In August, a line item quietly crept onto a council agenda that would’ve required members to vote on changing the code that governs transportation-for-hire companies.
The ordinance changes were never discussed before a committee, which caused Councilman Scott Griggs to ask the mayor to pull it before it hit the floor.
That line item looked to change Chapter 10A of the city code, requiring luxury vehicles to have sticker prices of more than $45,000, limousines to show up no sooner than 30 minutes following the request and, perhaps most damaging to Uber’s business model, smartphones could no longer calculate fares.
From there, things spiraled. City code enforcement had Dallas vice officers conduct undercover stings on Uber drivers, resulting in 65 tickets, the report says. Gonzalez snuck the line item onto the agenda as if it were ready for a vote. The report blames a two-week illness in failing to communicate his decision to the council or the mayor.
Feeling heat from a new, more technologically savvy competitor, Yellow Cab had its lawyers draft up changes to the ordinance, according to the report.
Then, the investigation says, Gonzalez based his draft of the ordinance on Yellow Cab’s.
“Mr. Gonzalez should not have asked City Attorneys to draft ordinances using Yellow Cab’s lawyers draft as the primary guide,” says the report. “Even if he thought they were correctly written, it creates the after-the-fact perception that one private company was getting too much influence within City Hall.”
All 65 tickets written to Uber’s drivers were dismissed on a council order reached in an executive session that lasted more than three hours, Griggs said.

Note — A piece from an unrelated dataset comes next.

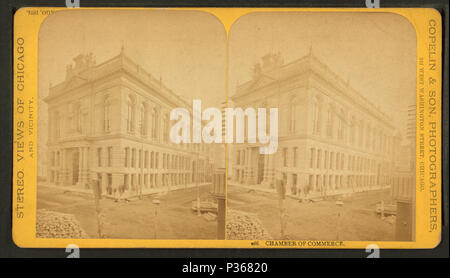 . Handelskammer. Alternative Titel: Stereo. Blick auf Chicago und Umgebung. 66. Abdeckung: 1865?-1885?. Quelle Impressum: 1865?-1885?. Digitale Element veröffentlicht 3-9 2006; 2-12-2009 aktualisiert. 61 Handelskammer, durch Copelin &Amp; Sohn Stockfoto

The Oak Cliff councilman and colleague Phillip Kingston were two of the 13 present council members Wednesday who voted against discussing the report in executive session before releasing its findings to the public.
“I think our goal here is that all the actions of the Dallas City Council are so clear and intelligible that every citizen in the city of Dallas is able to make an informed decision and completely understand what we’re doing,” Griggs said during the council meeting.

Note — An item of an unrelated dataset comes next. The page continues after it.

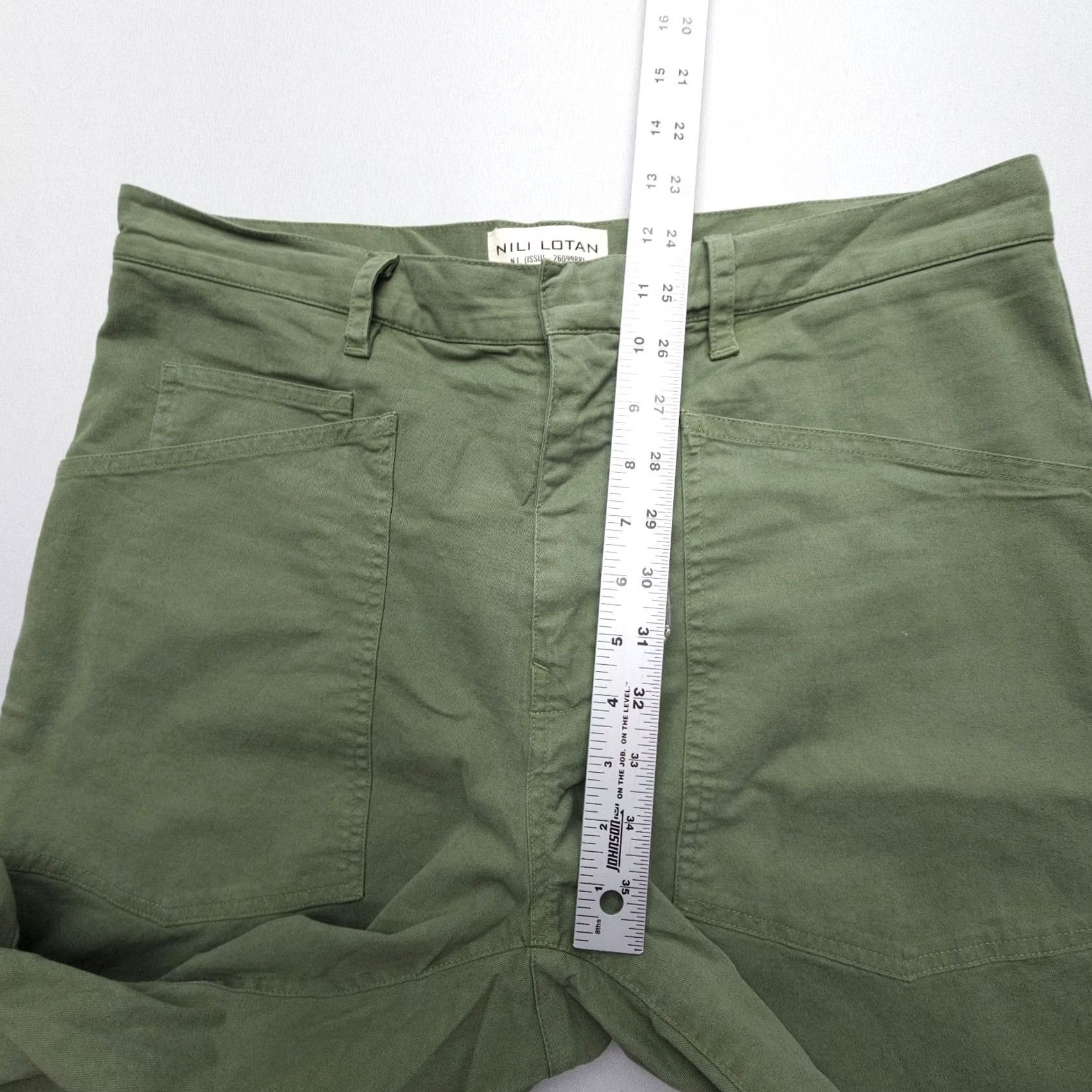 Nili Lotan Nili Lotan Pants Womens 6 Green Shon 33x25 Wide Leg Crop Baggy Barrel USA Size 28" / US 6 / IT 42 - 6 Thumbnail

Councilwoman Carolyn Davis, who was among the 11 who voted to go discuss the report in executive session, said she “had some personnel questions that I don’t really want to put out here.” Councilman Dwaine Caraway shared her sentiment.
“I think, first, I would love to hear it, so I can ask and say some things that might not be said out here,” he said. “I think our discussion is something of executive conversation but the report and the meat of the report is what the public is going to get.”
The 134-page report was made public after the session. Rawlings took questions afterward but the council did not.
It includes a timeline of Uber’s dealings with the city. Upon arriving in Dallas in 2012, Uber “immediately started making a marketplace impact.” The mayor soon ordered then-City Manager Mary Suhm to investigate.
In Nov. 2012, the city attorney’s office found Uber did not operate legally within the city’s code and sent a cease and desist letter. Uber ignored it. In the first quarter of 2013, the city met with Uber.
The company’s lawyers made their case: Uber said it doesn't have to follow the transportation code because it's a technology company. The city was unmoved. Assistant City Managers Joey Zapata and Melissa Miles ordered vice officers to begin their undercover sting.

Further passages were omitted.